The PPX lens is available in three goggle styles from Zeal; the Detonator, Aspect and Link.

I got a pair of Detonators and put them to the test in the back bowls of Vail. I mention location only because due to the lack of trees, during storms skiing the back bowls is more akin to skiing in a milk bottle than in the paradise that is Colorado. New Years Day saw six inches of fresh, enough hangovers to keep the tourists in bed and lift lines non-existent, 30 mile per hour winds and snow that filled in your tracks before you could get back to them. Normally, this combination can be frustrating: great snow, no one around, but you can’t see what you’re skiing.

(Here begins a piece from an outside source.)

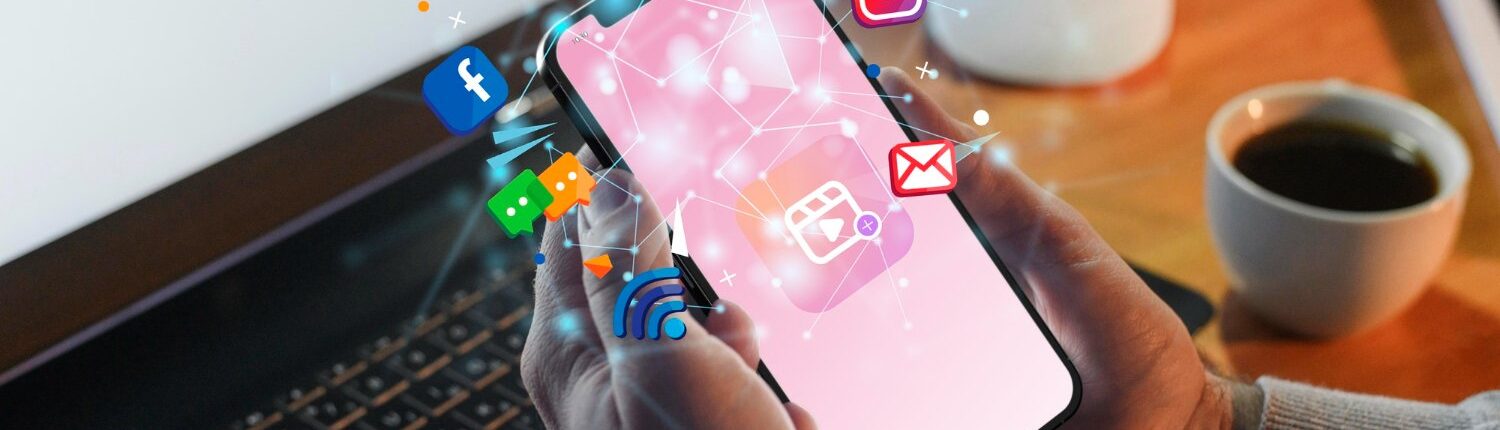 Social Media Management Banner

The light transmission spectrum on the Zeal website suggests that the PPX lens is suited for moderate to bright light. I’d have to disagree. While the lens color did remain somewhat dark in low light, this lens provided a visual acuity that was extraordinary. I was able to pick up every little contour in the snow and no longer had to ski by Braille. Equally remarkable was the PPX’s performance the next day when the sun couldn’t figure out what it wanted to do. All morning, it peeked in and out and the PPX lens effortlessly adjusted. So much so, that I never detected a change. When the clouds finally lifted, I was happy that the PPX’s are not only photo chromatic but also polarized.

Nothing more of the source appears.